_EXERCISE PROMPT_. Only the closing stretch of the material is wanted: the line containing "2022年KPI绩效考核体系设计_第2页" and every line after it, transcribed exactly.

Start of ENTRIES SHOWN

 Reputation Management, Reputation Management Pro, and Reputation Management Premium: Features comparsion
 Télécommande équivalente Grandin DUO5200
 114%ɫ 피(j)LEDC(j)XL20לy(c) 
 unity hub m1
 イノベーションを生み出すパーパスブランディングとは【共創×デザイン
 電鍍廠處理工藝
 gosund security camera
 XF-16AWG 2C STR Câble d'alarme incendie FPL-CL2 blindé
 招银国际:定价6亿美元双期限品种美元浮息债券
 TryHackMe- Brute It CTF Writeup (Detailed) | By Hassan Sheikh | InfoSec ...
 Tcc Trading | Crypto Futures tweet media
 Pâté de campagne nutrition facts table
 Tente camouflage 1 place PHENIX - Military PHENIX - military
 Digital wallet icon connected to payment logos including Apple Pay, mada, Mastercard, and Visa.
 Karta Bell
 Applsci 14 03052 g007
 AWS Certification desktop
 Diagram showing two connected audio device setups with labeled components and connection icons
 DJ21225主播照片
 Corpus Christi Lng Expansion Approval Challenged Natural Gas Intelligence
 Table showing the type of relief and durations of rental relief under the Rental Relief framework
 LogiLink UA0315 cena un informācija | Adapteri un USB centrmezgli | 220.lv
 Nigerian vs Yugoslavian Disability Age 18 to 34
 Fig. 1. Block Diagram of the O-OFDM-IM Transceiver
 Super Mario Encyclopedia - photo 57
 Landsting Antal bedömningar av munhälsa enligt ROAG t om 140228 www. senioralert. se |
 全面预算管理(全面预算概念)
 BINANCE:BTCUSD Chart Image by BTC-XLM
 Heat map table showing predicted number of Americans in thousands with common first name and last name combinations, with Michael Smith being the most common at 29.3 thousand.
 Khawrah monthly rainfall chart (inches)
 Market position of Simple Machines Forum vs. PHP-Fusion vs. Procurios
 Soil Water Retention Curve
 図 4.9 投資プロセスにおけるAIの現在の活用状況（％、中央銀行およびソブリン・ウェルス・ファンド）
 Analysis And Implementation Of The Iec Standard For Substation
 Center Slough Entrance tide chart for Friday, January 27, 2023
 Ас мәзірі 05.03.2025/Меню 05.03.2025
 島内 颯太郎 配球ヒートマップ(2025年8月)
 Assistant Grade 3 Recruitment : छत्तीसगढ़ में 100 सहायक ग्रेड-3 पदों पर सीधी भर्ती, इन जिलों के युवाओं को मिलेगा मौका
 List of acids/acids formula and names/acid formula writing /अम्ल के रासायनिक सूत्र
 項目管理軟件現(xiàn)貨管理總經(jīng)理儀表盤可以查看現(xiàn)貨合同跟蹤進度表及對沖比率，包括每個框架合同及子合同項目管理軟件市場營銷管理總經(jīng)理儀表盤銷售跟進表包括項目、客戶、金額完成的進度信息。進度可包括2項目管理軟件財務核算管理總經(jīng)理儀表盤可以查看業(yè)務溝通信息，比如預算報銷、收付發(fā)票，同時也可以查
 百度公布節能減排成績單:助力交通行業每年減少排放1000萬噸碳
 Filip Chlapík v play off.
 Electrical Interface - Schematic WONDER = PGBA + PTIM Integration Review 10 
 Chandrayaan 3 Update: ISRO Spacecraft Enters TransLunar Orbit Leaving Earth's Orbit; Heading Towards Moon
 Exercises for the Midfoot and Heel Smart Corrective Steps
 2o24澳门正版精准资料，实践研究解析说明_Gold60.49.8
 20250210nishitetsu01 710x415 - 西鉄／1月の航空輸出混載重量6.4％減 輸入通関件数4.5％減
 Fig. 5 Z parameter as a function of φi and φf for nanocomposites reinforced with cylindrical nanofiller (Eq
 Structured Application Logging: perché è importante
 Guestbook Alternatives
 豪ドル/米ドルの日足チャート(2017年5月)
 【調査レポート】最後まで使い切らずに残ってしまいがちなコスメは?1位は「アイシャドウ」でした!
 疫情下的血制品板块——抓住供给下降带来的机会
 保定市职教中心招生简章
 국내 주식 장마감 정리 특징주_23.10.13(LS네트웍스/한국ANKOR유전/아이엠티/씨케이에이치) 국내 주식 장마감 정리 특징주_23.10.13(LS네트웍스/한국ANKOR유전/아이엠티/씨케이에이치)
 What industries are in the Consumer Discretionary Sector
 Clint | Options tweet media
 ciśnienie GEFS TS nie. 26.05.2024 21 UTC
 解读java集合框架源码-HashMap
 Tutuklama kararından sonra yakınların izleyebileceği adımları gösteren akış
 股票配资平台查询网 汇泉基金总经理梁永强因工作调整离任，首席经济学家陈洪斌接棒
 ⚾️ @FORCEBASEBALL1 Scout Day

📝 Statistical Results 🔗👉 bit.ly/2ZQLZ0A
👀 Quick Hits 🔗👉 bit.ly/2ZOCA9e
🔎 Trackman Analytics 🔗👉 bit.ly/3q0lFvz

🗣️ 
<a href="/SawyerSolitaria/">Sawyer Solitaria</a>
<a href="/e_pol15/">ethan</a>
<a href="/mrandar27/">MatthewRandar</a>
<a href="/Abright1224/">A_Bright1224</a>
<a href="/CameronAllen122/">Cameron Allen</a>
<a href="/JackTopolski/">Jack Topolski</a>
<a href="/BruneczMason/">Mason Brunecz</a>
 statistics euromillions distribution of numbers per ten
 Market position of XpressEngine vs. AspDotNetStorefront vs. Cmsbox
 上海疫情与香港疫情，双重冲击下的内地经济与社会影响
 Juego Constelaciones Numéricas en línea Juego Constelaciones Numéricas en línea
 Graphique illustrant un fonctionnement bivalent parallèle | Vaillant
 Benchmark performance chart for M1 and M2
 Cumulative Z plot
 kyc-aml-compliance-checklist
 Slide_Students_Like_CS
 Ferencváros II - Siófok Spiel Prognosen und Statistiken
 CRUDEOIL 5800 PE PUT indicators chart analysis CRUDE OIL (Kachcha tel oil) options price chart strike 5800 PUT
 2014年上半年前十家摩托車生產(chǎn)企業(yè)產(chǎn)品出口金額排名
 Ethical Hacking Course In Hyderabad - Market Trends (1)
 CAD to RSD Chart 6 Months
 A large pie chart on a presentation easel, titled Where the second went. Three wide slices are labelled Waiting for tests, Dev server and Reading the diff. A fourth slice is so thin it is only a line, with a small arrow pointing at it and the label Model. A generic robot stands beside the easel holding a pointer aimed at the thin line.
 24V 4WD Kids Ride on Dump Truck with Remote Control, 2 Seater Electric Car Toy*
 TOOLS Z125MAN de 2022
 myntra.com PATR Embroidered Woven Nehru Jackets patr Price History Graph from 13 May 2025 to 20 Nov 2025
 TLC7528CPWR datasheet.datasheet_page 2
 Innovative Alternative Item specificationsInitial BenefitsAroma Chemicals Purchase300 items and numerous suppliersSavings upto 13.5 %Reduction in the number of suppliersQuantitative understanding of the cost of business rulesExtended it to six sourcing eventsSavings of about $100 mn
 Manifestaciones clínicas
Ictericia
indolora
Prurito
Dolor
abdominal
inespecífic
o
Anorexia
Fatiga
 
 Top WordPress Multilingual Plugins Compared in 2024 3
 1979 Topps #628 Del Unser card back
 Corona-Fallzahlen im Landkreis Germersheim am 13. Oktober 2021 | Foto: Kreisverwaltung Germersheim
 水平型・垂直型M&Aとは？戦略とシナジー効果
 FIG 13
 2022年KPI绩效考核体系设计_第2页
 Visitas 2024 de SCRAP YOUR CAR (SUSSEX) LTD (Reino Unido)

End of ENTRIES SHOWN

_SOLVED PROBLEM_.
 2022年KPI绩效考核体系设计_第2页
 Visitas 2024 de SCRAP YOUR CAR (SUSSEX) LTD (Reino Unido)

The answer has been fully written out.